Déjà publié sur « Aviseur International » le 28 mars 2015.

Depuis rien n’a changé ni évolué dans le bons sens. En France, c’est la guerre à outrance qui ne fait qu’empirer la situation en confortant l’action des narcotrafiquants.

DICK MARTY

Docteur en droit, ancien procureur général du Tessin, conseiller aux Etats, conseiller d’Etat et membre de l’Assemblée parlementaire du Conseil de l’Europe, pour laquelle il a mené différentes enquêtes qui l’ont fait connaître sur la scène internationale.

Par Dick Marti

Pour lutter contre les narcotrafiquants, il est nécessaire de mener une importante action de sensibilisation au niveau mondial, selon Dick Marty. Et il faut progressivement s’acheminer vers un marché contrôlé dans lequel la réglementation est définie en fonction de la dangerosité de la substance et de l’âge du consommateur.

Après des décennies de faillites ruineuses dans la réponse sociale au problème des dépendances, on doit le dire clairement: le prohibitionnisme en matière de drogue et la criminalisation des consommateurs sont une voie sans issue.

Plus, ils ont directement contribué à produire le plus important phénomène criminel de tous les temps, qui alimente toutes sortes d’autres trafics. L’argent de la drogue et les pratiques des organisations criminelles infiltrent l’économie avec un effet de contamination morale et de diffusion à grande échelle de la corruption. Les enquêtes n’atteignent presque jamais les hauts étages du crime organisé. La répression des petits poissons sert en revanche, presque cyniquement, à entretenir un certain niveau des prix et à assurer des profits fabuleux à ceux qui gèrent les grands trafics.

L’argent facile de la drogue est en fait devenu un facteur économique de grande importance, ce qui explique aussi pourquoi on ne s’attaque pas à la racine du problème. Si l’on pense que le chiffre d’affaires du trafic de drogue est estimé à environ 300 milliards de dollars par année, il est évident que cet argent est désormais devenu un véritable facteur de portée géopolitique. Il entretient de nombreux conflits, permet de financer des achats massifs d’armes de plus en plus sophistiquées, conditionne les choix de nombreux gouvernements, influence les structures socio-économiques.
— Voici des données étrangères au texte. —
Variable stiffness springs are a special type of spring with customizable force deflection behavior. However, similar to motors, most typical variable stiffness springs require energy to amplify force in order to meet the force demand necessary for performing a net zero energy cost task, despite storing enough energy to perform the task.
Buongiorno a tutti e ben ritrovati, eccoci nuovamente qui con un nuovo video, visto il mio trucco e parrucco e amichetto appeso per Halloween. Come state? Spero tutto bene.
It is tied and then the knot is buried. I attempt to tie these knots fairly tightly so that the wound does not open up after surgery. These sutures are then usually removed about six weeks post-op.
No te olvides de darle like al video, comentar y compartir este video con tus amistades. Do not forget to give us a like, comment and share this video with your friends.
J’ai entendu récemment un chercheur affirmer que si le trafic de drogue était éliminé, la plupart des familles des cités entourant Marseille ne seraient plus à même de payer leur loyer.

Des ressources énormes sont investies dans la répression, alors que le crime qui en contrôle le trafic prospère. Les institutions et la structure sociale de plusieurs pays ont été bouleversées par les narcodollars et les narcotrafiquants.
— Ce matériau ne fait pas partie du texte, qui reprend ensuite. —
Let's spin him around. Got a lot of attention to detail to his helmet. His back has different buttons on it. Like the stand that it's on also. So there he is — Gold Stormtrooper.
Nous sommes tous conscients qu’il n’existe pas de solution facile ni de solution idéale.

Je pense cependant que toute nouvelle solution présuppose que l’on soit conscient de ce qui est en train de se passer et du gâchis auquel a conduit la politique actuelle.

Une importante action de sensibilisation au niveau mondial est nécessaire. Ce travail est en cours depuis longtemps. En 1984 déjà, Milton Friedman, Prix Nobel d’économie, écrivait que la prohibition de la drogue favorisait le crime, sans en diminuer l’usage, et imposait un coût aberrant à la société. Une position analogue a été prise, par la suite, par la célèbre revue The Economist, ce qui fit sensation. D’anciens chefs d’Etat se sont réunis en groupe de travail et ont pris position en faveur d’une nouvelle politique de la drogue et contre l’actuel régime de prohibition. Il est à peine besoin de rappeler ici le rôle important joué par Ruth Dreifuss dans ce contexte. C’est un travail difficile, qui demande beaucoup d’énergie et beaucoup de temps.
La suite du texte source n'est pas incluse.